You need an external DC 12 volt thermostat and a sufficient DC 12 volt power supply..

It could be glued to a sheet of acrylic with suction cups and stick to the side/back panel.


----------



## Harry H (14 Nov 2018)

Dreadlockdog said:


> Thought of an external filter with heater but ended up getting a eheim ecco for a good second hand price.
> 
> Sent from my ONEPLUS A6003 using Tapatalk



I would put Eheim on eBay, get an Oaise small external with inbuilt heater if you can afford. You would be happier. If not, get a big standard 50w heater, you can always upgrade later.


----------



## AverageWhiteBloke (14 Nov 2018)

Maybe look at the Dennerle internal heater range, both the 25 watt and the 50 watt are only 160mm in length. You could put these horizontal at the back of the tank just above substrate level and the plants would pretty much hide them. They're better off horizontal anyway, the thermostat tends to be at the top and the heating element at the bottom so when fitted vertically the heat rises and trips out the stat.
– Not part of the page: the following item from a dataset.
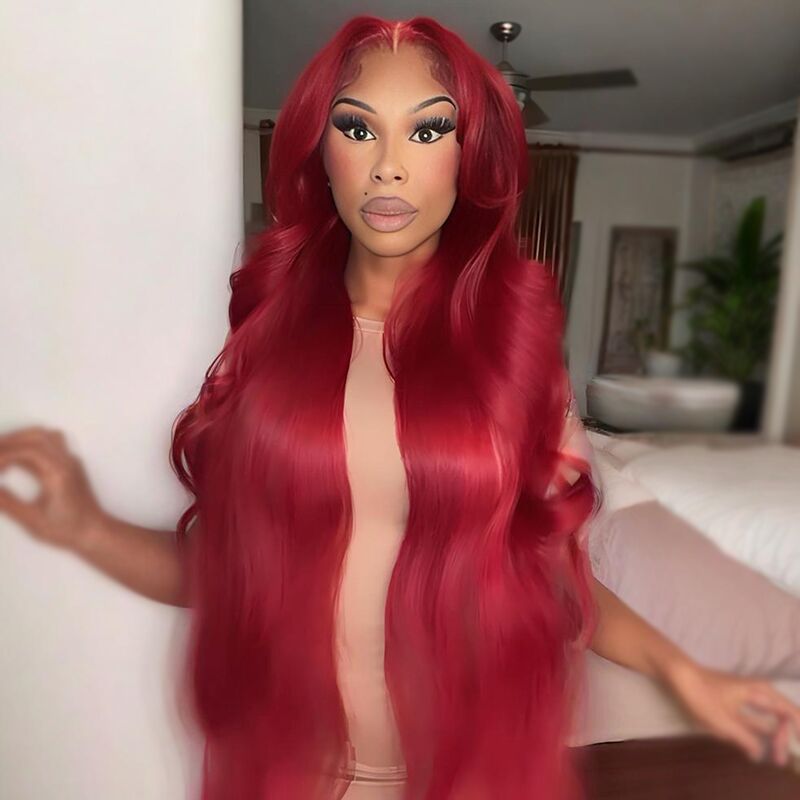 SWAY 30 32 34 36 38 40 42 INCH Long Vibrant Burgundy Red 13x4 Lace Front Human Hair Wigs
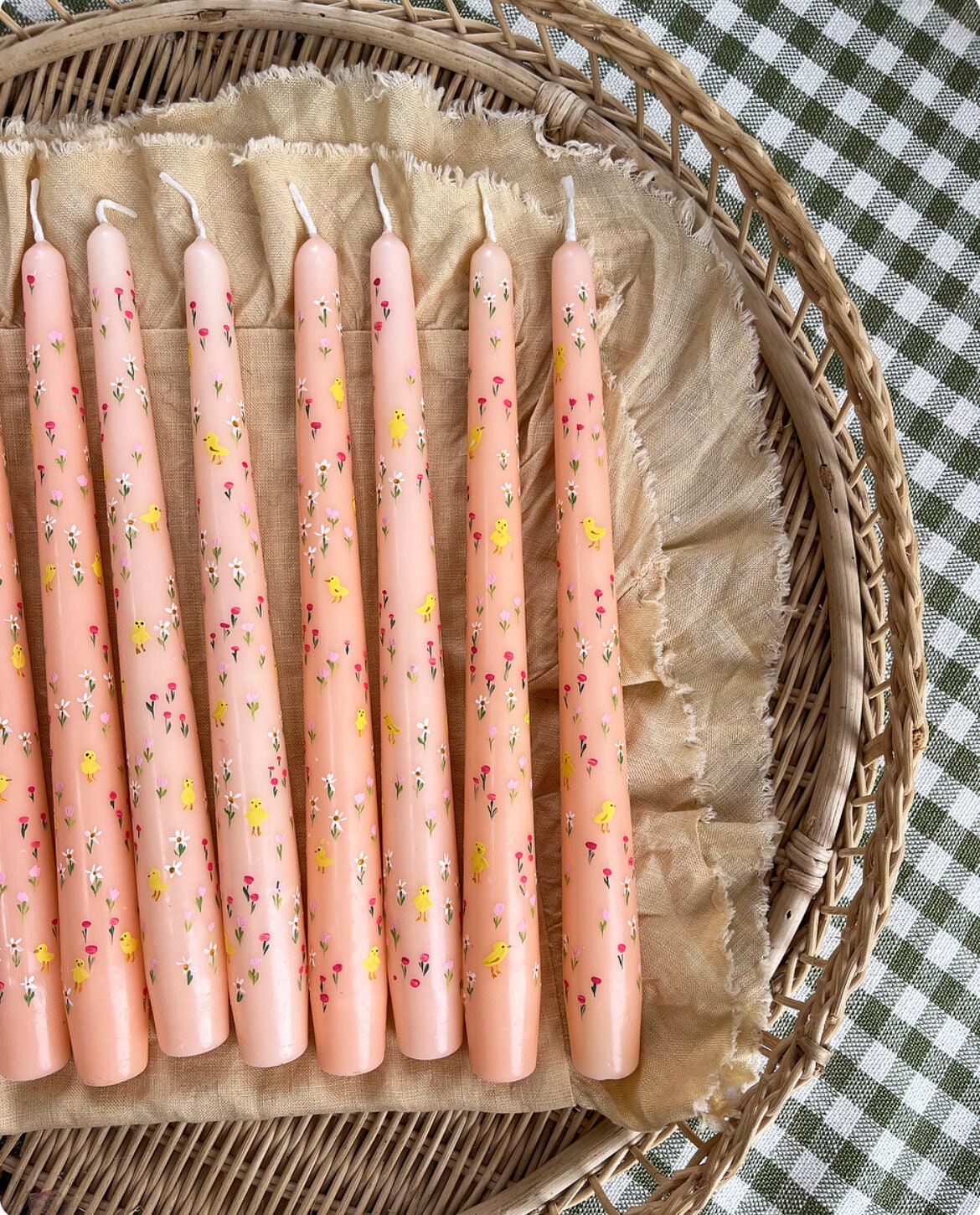 Set of 2 Easter Taper Candle. Happy Eastern Taper Candle. Wedding Decor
Fitting horizontally you get it measuring the water temp generally. I've seen many people fit external heaters nearly horizontal, I guess the reasoning behind not doing it is if there was an air pocket in the tubing that got trapped inside the heater the element could be exposed to air and over heat but I don't think with good flow through a filter that would happen as long as it was at an angle and not pure horizontal. Just looked at the Oases range as I'm also setting up a 300 cube and wanted no equipment in the tank, just wondering, the people who have the 100 version it says max head height 1.1m, are people running these in cabinets or beside the tank? With  say 750mm high cabinet and 300mm tank are you getting good flow. Also do they come with shut off taps to turn off the water when disconnecting?


----------



## Tim Harrison (14 Nov 2018)

I used this in my 30cm cube https://www.amazon.co.uk/SuperFish-...2194580&sr=1-1&keywords=superfish+nano+heater
These are pretty discrete heaters as well https://www.amazon.co.uk/Interpet-N...d=1542194439&sr=8-9&keywords=fish+heater&th=1



Edvet said:


> https://www.theaquariumwiki.com/wiki/Coldwater_Aquariums


Or alternatively...https://www.practicalfishkeeping.co...o-set-up-a-temperate-tank-that-looks-tropical


----------



## Dreadlockdog (14 Nov 2018)

Thanks for the input. Think I'll go with a small in tank heater to start me off and maybe upgrade to a heated filter when I can find one cheap enough.

Although it sounds like a great idea I'm not into making my own as I'd only fry myself somehow!

Sent from my ONEPLUS A6003 using Tapatalk


----------



## alto (15 Nov 2018)

AverageWhiteBloke said:


> With say 750mm high cabinet and 300mm tank are you getting good flow.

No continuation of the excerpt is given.